I went looking for Brad the next morning in the locker room and asked him about Andy’s comments. I wanted to see if they had been relaying that message to Wieck repetitively. “Yes. For sure. They want me to attack people over the plate with my best stuff instead of nibbling on the corners.” He had no problem in explaining that to me. “They think my stuff will play over the plate, so I am going to start attacking people.” Wieck will certainly do what the coaching staff asks of him. Despite being a huge-framed pitcher, he has displayed relatively decent control in his minor league career. That got away from him last year in El Paso where he walked 10 batters in seven innings pitched with the Chihuahuas.
The Padres were not happy in the fact that he was trying to be too perfect with his pitches. I asked Brad if he made any mechanical adjustments to throw more strikes. “No mechanical adjustments were made. It wasn’t really a mechanical adjustment, more of a mental adjustment. Instead of trying to hit the black on both side of the plate, throw it over the middle and challenge hitters.” He has the ability to throw strikes. Wieck just needed to change the mentality of trying to be too precise with each pitch, especially with two strikes.
Our conversation turned towards the locker room and the feeling in this Padres’ clubhouse. I personally know how hard this journey has been for Brad, as I first interviewed him after he was acquired from the Mets. “It’s cool to be in the locker room with some of these big-named guys.” The tall lefty seems very comfortable in the room, and in speaking to him, I sense that he is reaching a point in baseball where the game is starting to slow down for him.
We spoke about the young men in the room and the men in the locker room down the hall (minor league camp). The two of us talked about the feeling in camp and Brad had no problem communicating how excited he is about the future of this club. “It’s awesome. We have a young group of guys and we are all pretty hungry. It’s a grind, but we are all out here working together.” This unit works with each other well and has fun doing so.

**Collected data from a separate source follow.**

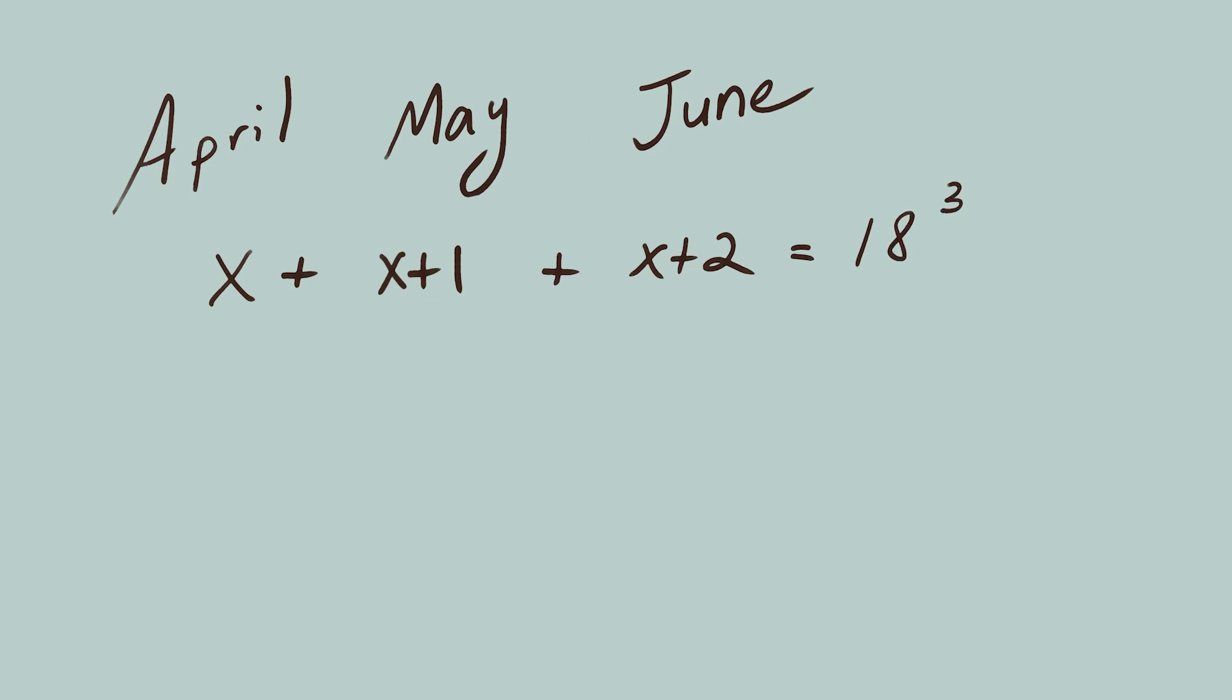If we solve for X, we can find out not just April's birth year, but all three birth years. So, let's solve for X. X plus X plus 1 plus X plus 2 equals 18 cubed, which equals 5832.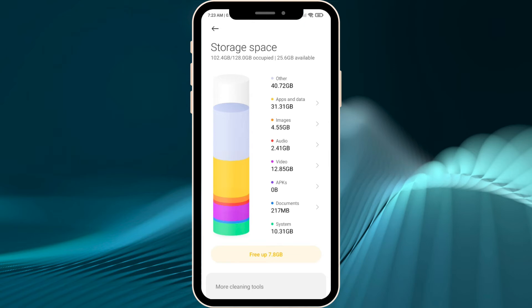Developers have now hidden from us the cool setting that was previously in MIUI 11, where you could just tap on your cache and clear all the cache on your phone. Now I'm going to show you how to get that previous storage menu back.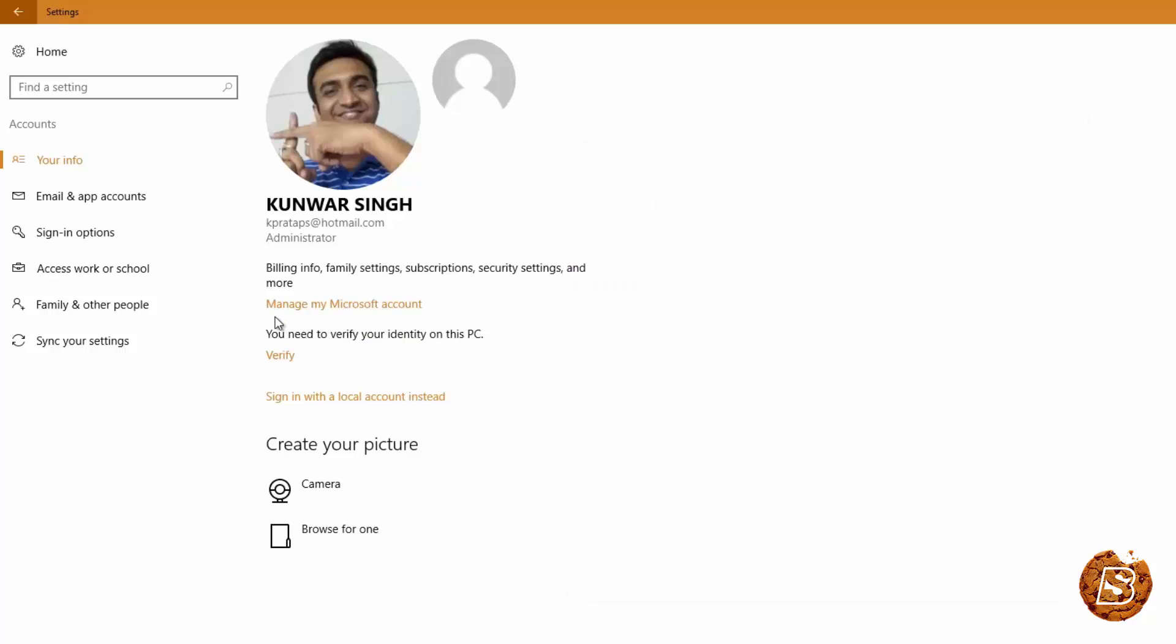And once that's done you will be able to see that the screen has not changed and here it says sign in with a local account instead.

In closing with Brad, I asked about his mechanics and his repertoire. I was eager to see if he was working on any new pitches. “All my pitches feel fine. I am just trying to stay in time. Us tall guys have to have our levers all synced up mechanically with our motions. Things can get out of hand quick if you don’t stay focused.” Wieck is certainly focused, and with the confidence the coaching staff has shown in him, he has no problem at all in just firing it in there when he is on the mound. He has a great chance of making this team out of the spring, but even if he doesn’t make the squad in late March, you will surely be seeing him very soon at Petco Park.